Xayn's strong investor base enabled it to develop solutions for industrial partners such as Daimler and Porsche, and at the same time devote a year to refining the search engine. The strategy worked: "After just one month we already have around 15,000 active users and a relatively strong daily growth," says the proud CEO. "So among the small search engines, we have become a relatively big player right from the start." For the first quarter, the company aims to gain 100,000 users, primarily from the European market. A browser version is expected to be added to the app version in the first half of 2021. In addition, the search feature will be boosted with other sources such as a product search function. “In addition, we want to provide a search engine for companies because they have problems obtaining relevant results,” says Lundbæk. Civil servants spend no less than 37 per cent of their time searching the Internet, according to an internal study conducted in a major German city. This is an area where the AI ​​can help authorities become more efficient. Testing of premium features for end customers is also planned: "The fact that the AI ​​operates on the device makes it easy to add sources," says the CEO. "So you can also search in the cloud, for example."

From federated learning to federated analytics

According to the Berlin entrepreneur, 80 per cent of Xayn's activities are focused on the search engine. In addition, the infrastructure is continuously updated: "The question of how users use our product is very important," he explains, "Every other company uses Google Analytics or other trackers. The problem is that you can see everything that the user does - except for the search queries. The disadvantage of this is that the product cannot be optimised for our scenarios.
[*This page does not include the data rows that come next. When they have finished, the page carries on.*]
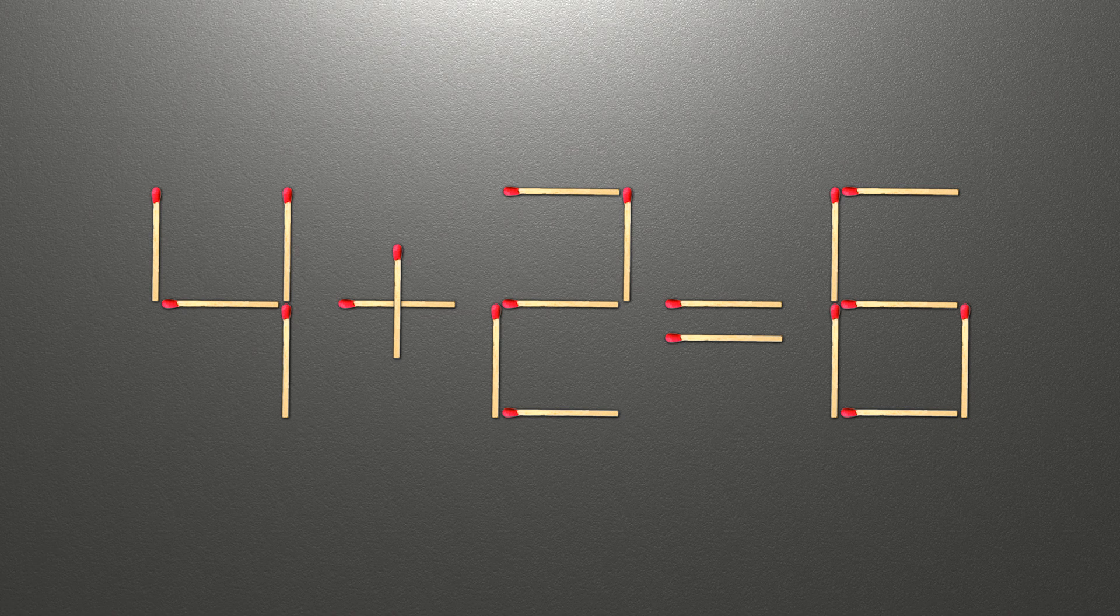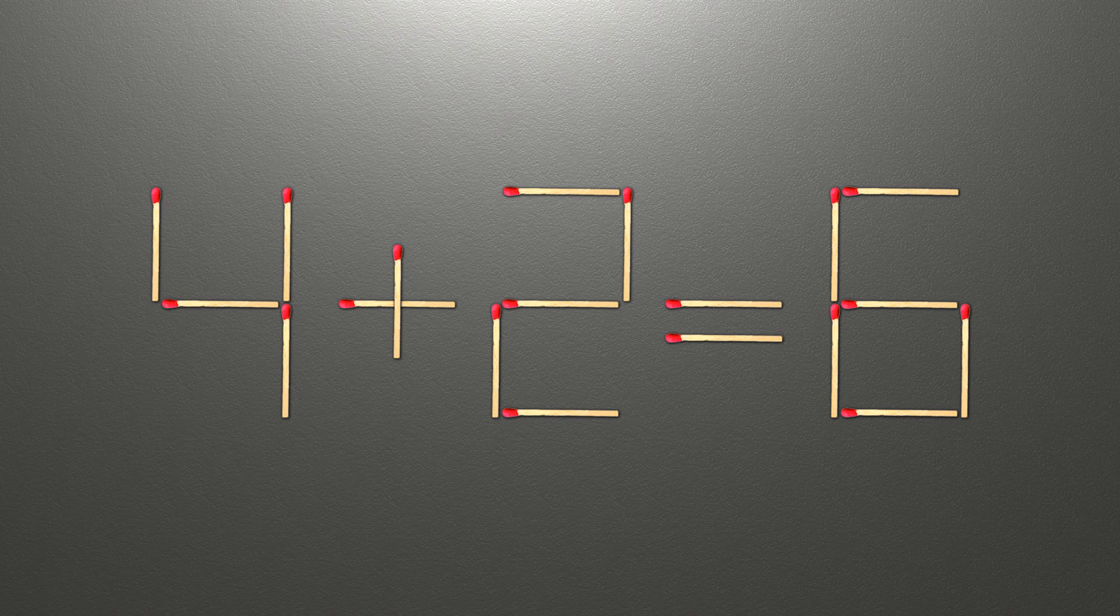Now, when we check the condition 4 plus 2 is 6 and 6 equals 6, now our equality is correct.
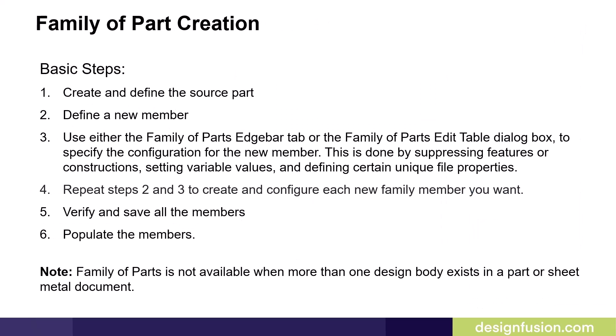The basic steps are as follows. First create and define the source part and make this your first member. Next define a new member. Then use either the family of parts edge bar tab or the family of parts edit table dialog box to specify the configuration for the new member.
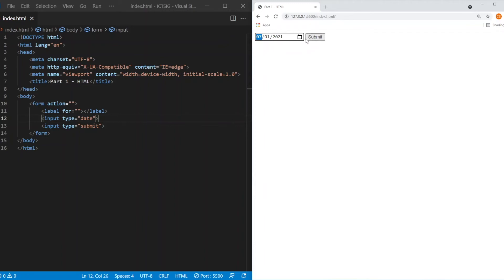So if you choose a date, you submit, it's not going to give you an error.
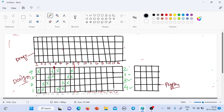Hello guys, good evening to all. Remika here. How are you guys? This is a herringbone design. I have a viewer for this design, so let's start with the design without wasting any more time.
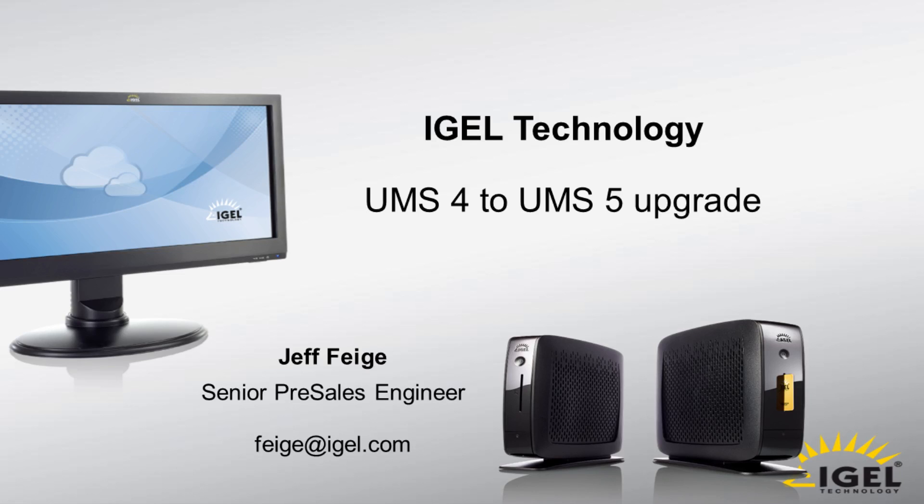Hello, my name is Jeff Feige. I am a senior pre-sales engineer with IGEL technology. I've had a lot of people ask me how to upgrade from UMS 4 to UMS 5. In this short video I will show you how to accomplish that task. It's a straightforward process. I will be doing an upgrade on a standard UMS installation with the embedded database.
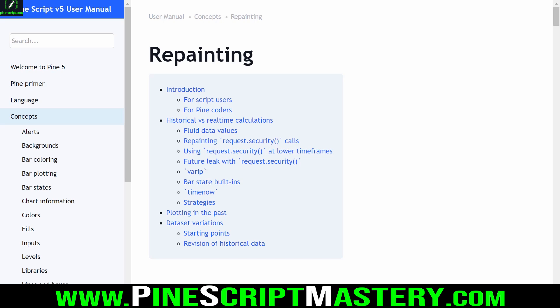Hey traders, in this lesson we are going to be addressing one of the most confusing issues in Pinescript, which is repainting.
We are unable to see whether there are problems or how it is being used." As a result, the team is developing data protection-compliant local analysis approaches. "We are expanding federated learning to include federated analytics," adds Lundbæk. "That may also prove be interesting for others."

The Xayn team plans not only to expand its search engine with technological innovations. “We want to show that something like this can be implemented,” says Lundbæk. The company's decision to launch a search engine was based to the expertise of the founders. They also took into account the fact that internet search is one of the largest markets: after all, "30 per cent of internet traffic goes through search engines," reasons the expert. "But I see other areas that can be improved - not just by us." The open source platform XayNet gives other start-ups and companies the opportunity to build similar products. "The video search on YouTube could offer a privacy-protection alternative," he adds by way of example. "It can also be used for streaming services. They don't need the data for advertising and are app-based so that the AI ​​can easily be trained on the device or in the browser. The existing recommendation AI could be gradually switched to this technology. ”It would be a new kind of issue-free viewing pleasure - without having to worry about our data.